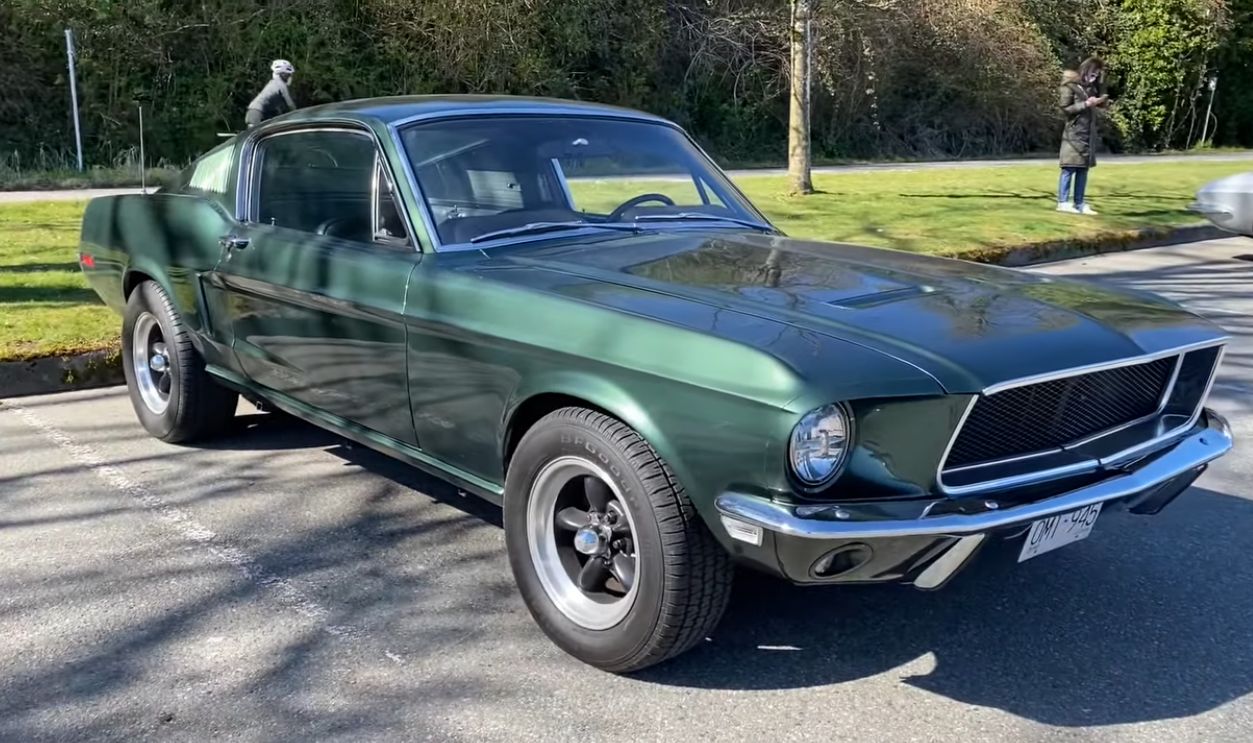 1968 Ford Mustang GT Fastback – Bullitt (1968)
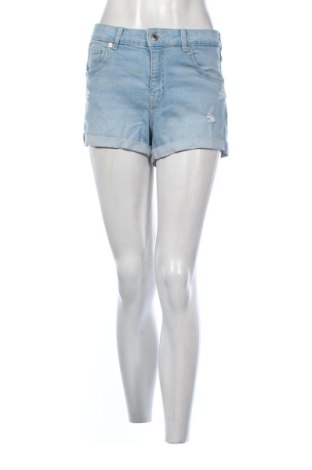 Dámske kraťasy  Bershka, Veľkosť L, Farba Modrá, Cena  9,95 €, #137205083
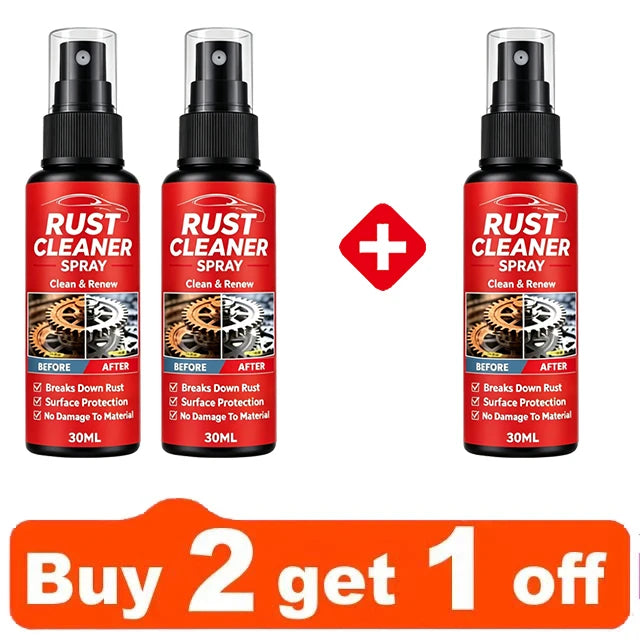 Rust Remover Spray for Metal Surfaces, Household Appliances, Auto Wheels & Tire Rust Cleaner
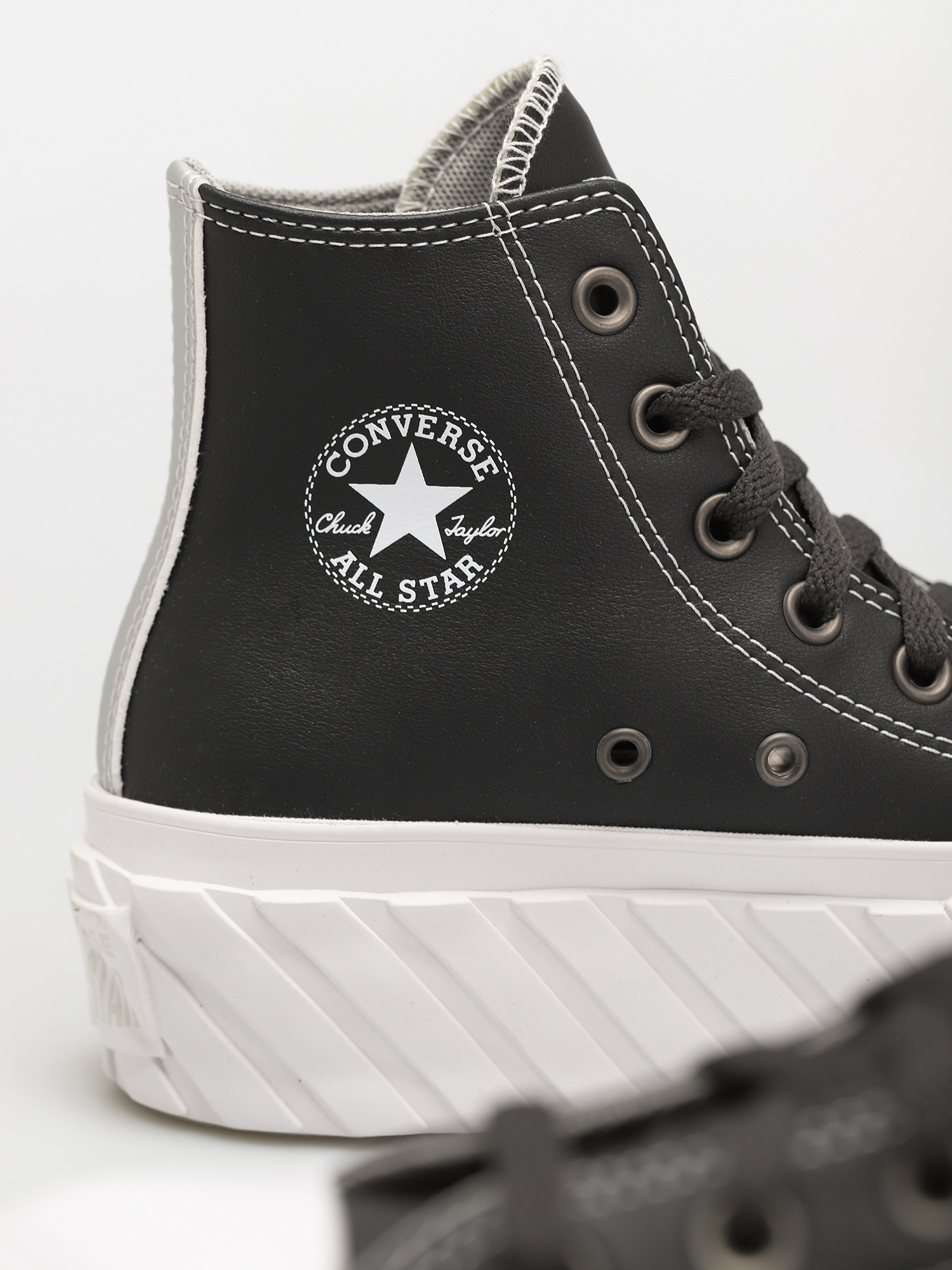 Converse Chuck Taylor All Star Lift 2X Hi Cipők Wmn (storm wind/slate sage/white)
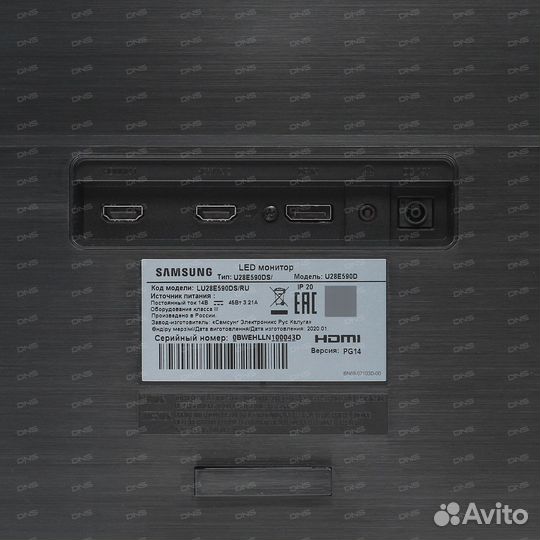 Монитор Samsung 4K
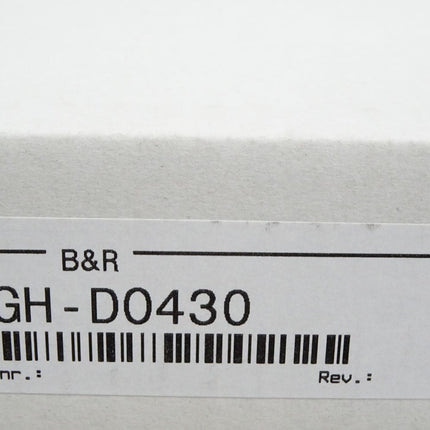 B&R 0GH-DO430 Gehäuse für DO430 Modul / Neu OVP - Maranos.de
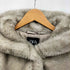 ザラ ZARA フェイクファー ショートコート レディース import:S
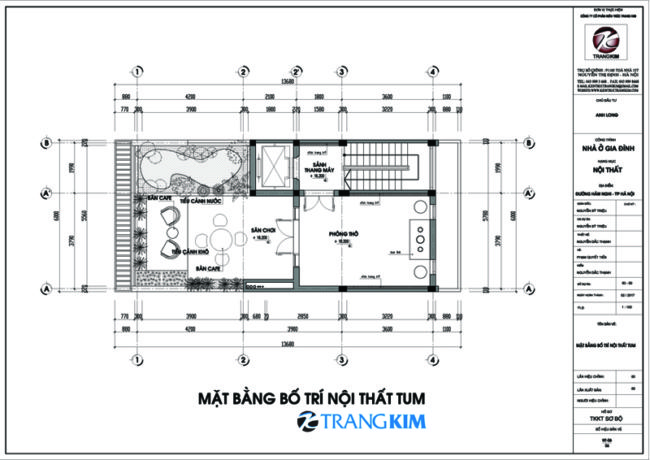 Thiết kế nội thất nhà ống 6 tầng 1 tum – Hà Nội 24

## Your instructions
Reproduce the listing exactly, images omitted.

## Exercise solution
 1968 Ford Mustang GT Fastback – Bullitt (1968)
 Dámske kraťasy  Bershka, Veľkosť L, Farba Modrá, Cena  9,95 €, #137205083
 Rust Remover Spray for Metal Surfaces, Household Appliances, Auto Wheels & Tire Rust Cleaner
 Converse Chuck Taylor All Star Lift 2X Hi Cipők Wmn (storm wind/slate sage/white)
 Монитор Samsung 4K
 B&R 0GH-DO430 Gehäuse für DO430 Modul / Neu OVP - Maranos.de
 ザラ ZARA フェイクファー ショートコート レディース import:S
 Thiết kế nội thất nhà ống 6 tầng 1 tum – Hà Nội 24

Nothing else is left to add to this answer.